Audiences will likely “laugh themselves apoplectic” while on this “amiable jaunt,” said Alexis Soloski in The Village Voice. The antics of stiff-upper-lipped Brit Fogg and his bumbling French manservant Passepartout are “just as outlandish and rollicking” as in the 1873 original. But slapsticky humor and corny jokes too often threaten to derail this voyage. “Nor has the play dispensed with some of literature’s more impertinent national stereotypes”: Top-hatted Englishmen and gunslinging American cowboys are not the only caricatures here. There’s also too much mugging by the actors, who for the most part sport “dreadful facial hair and worse intonations.” Yet Haney’s bare-bones production is “much too genial” for its shortcomings to matter much.

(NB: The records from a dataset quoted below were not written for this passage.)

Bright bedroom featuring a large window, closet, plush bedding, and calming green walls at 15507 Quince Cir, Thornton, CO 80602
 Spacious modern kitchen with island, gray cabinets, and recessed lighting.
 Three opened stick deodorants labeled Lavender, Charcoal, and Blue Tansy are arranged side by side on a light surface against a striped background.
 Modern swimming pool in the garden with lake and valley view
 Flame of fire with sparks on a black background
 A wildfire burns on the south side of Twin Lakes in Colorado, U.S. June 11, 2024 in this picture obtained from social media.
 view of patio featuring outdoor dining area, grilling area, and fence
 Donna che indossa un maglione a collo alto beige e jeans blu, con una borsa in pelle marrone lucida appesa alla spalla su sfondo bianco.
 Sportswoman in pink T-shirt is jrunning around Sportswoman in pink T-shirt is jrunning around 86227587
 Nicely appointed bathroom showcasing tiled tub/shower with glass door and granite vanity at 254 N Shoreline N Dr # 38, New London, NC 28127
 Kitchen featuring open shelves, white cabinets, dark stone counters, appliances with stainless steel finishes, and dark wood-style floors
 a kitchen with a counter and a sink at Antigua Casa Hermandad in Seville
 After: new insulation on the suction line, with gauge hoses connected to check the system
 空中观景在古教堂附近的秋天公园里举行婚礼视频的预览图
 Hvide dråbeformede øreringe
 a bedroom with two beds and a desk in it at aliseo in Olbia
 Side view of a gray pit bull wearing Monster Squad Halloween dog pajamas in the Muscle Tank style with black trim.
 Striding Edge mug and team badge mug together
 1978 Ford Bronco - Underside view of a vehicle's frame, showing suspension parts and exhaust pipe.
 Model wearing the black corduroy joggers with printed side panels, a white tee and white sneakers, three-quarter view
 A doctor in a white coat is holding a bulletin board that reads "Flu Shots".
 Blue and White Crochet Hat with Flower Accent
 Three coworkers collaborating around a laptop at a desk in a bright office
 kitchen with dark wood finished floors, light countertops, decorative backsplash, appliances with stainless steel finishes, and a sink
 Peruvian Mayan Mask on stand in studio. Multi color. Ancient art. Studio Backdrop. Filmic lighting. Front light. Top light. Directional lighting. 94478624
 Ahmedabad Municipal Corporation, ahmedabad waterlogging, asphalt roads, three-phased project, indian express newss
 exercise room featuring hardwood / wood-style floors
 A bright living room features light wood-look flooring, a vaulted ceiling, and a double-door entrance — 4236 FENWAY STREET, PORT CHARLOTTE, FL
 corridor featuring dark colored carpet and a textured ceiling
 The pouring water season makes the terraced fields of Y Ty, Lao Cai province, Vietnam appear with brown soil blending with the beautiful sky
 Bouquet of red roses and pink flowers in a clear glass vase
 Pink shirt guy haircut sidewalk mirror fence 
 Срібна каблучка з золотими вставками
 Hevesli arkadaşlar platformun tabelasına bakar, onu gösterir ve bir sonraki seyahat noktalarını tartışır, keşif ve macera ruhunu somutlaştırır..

The first two acts of Around the World work “in fits and starts,” said Mark Blankenship in Variety. By the final third, however, it “moves at the right, breezy speed,” thanks to a cast whose comic instincts are briskly in sync. As Fogg, Daniel Stewart finally settles into the role, taking a more reserved approach to the humor rather than “shoving it in our faces.” The show’s cleverest performances may come from Elizabeth Helitzer and Mark Parenti, who have no speaking roles but masterfully handle the visual and sound effects.